L'interrogation ne subsiste que durant quelques pages : Litt est un authentique écrivain - et pas un mauvais. Variation habile sur l'archi-classique Lord of the Flies, son Deadkidsongs met en scène quatre gosses frappés se faisant appeler : GANG - tout simplement... Ils ont établi leur hiérarchie il y a longtemps, en fonction du rang social de leurs parents respectifs, et entrent aujourd'hui en guerre contre l'Ennemi héréditaire : le monde des adultes. Lâche, tyrannique et corrompu. Surentraînés, les enfants ne craignent qu'une chose : mourir avant d'avoir pu accomplir quelque exploit mémorable, avant d'avoir su honorer leur grade. Alors ils snippent à tout va, jouent à la guerre comme d'autres joueraient aux playmobiles, se rapprochant un peu plus à chaque page d'une apothéose de violence qui ne tardera pas à arriver.

Sorte de David Peace mécanique, Litt possède une écriture sèche parfaitement adaptée au propos et a manifestement les bonnes références : Golding, donc ; mais aussi plus étonnamment la culture manga, pourtant nettement plus discrète outre-Manche que chez nous. Difficile de ne pas penser, tout en accompagnant ce quatuor de gosses vers une issue évidemment tragique, à Battle Royale - voire même à Akira. Rebaptisez le Sergent Andrew North : Tetuso - vous y êtes.

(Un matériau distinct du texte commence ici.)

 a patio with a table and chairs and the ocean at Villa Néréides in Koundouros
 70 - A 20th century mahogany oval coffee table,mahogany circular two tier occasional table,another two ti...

Il vous entraînera sans vous forcer dans une aventure des plus dérangeantes, cyber-punk si cela vous sied - en tout cas tout à fait inédite à ce jour. Ailleurs un peu trop systématique pour être honnête, la charge anti-hippie de Toby Litt aurait plutôt tendance à tenir la route, parce qu'évitant le didactisme et se contentant de montrer des babys punks livrés à eux-mêmes dans un patelin ressemblant énormément au trou de balle du monde (un petit village ? hum...).

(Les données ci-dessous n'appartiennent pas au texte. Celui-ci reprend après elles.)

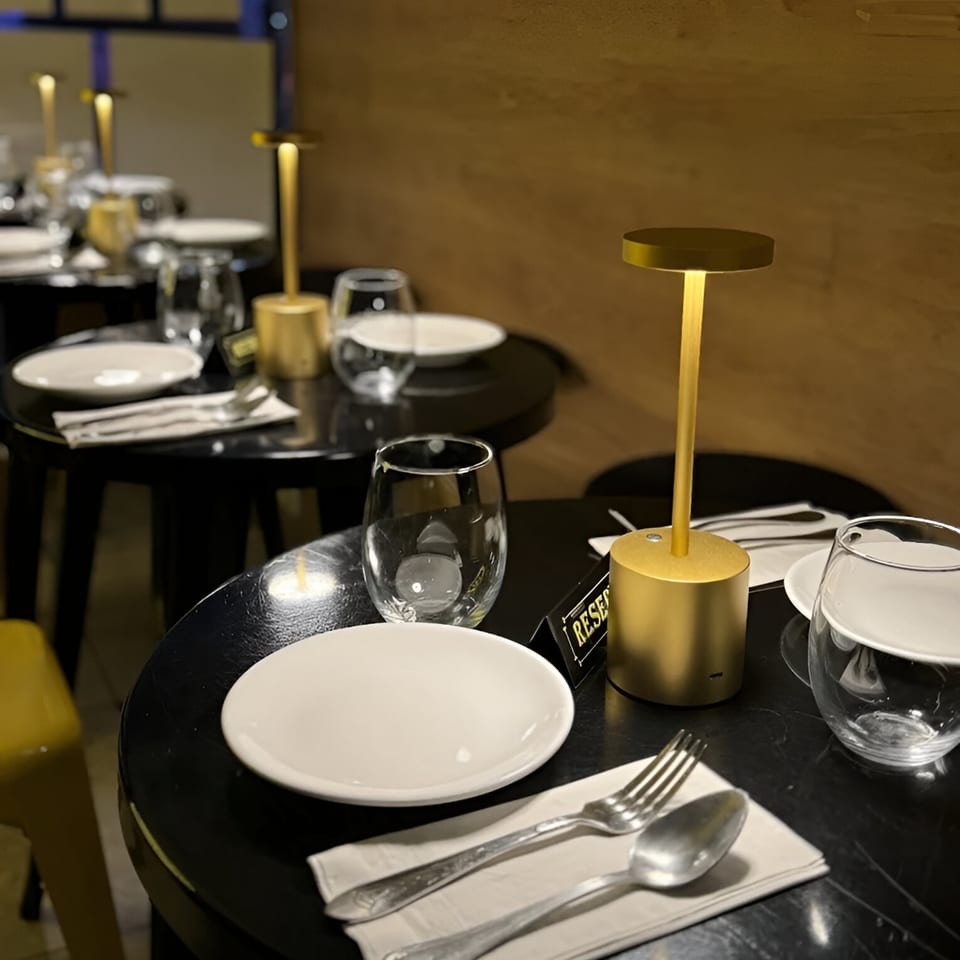 Set tables with white plates, silverware, glasses, and golden lamps create an inviting ambiance at Koo Thai.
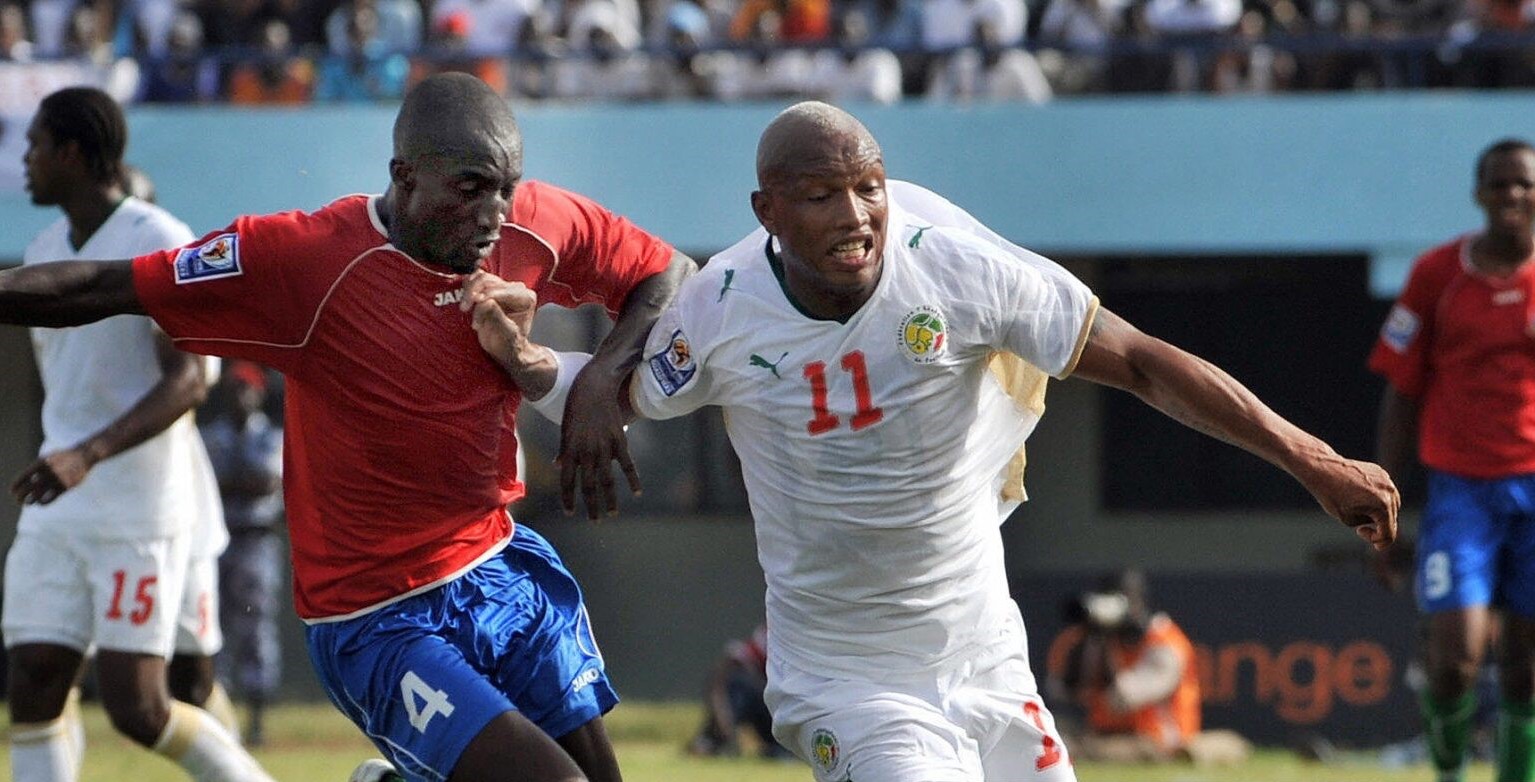 El-hadji-Diouf-battles-with-Mathew-Mendy-in-Gambia’s-1-1-draw-with-Senegal-in-Dakar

Reste qu'arrivé à la moitié l'auteur ne fait plus grand chose de son idée pourtant originale, et Deadkidsongs de devenir un thriller plus ordinaire. Le message est un peu brouillé, la satire sociale réduite au strict minimum (le libéralisme a détruit le système de valeurs de l'Angleterre... soit, mais bon : ça tient en une phrase), un peu comme si l'auteur, effrayé par son propre moralisme, avait décidé de l'abandonner en cours de route. Le changement de ton est du coup assez inattendu : parti avec un film expérimental des plus subtils on se retrouve à regarder une superproduction techniquement irréprochable mais manquant un peu de profondeur ; qui va butter qui, et comment il va le butter ? Le pourquoi s'est perdu en route. Dommage, néanmoins l'ensemble reste intéressant.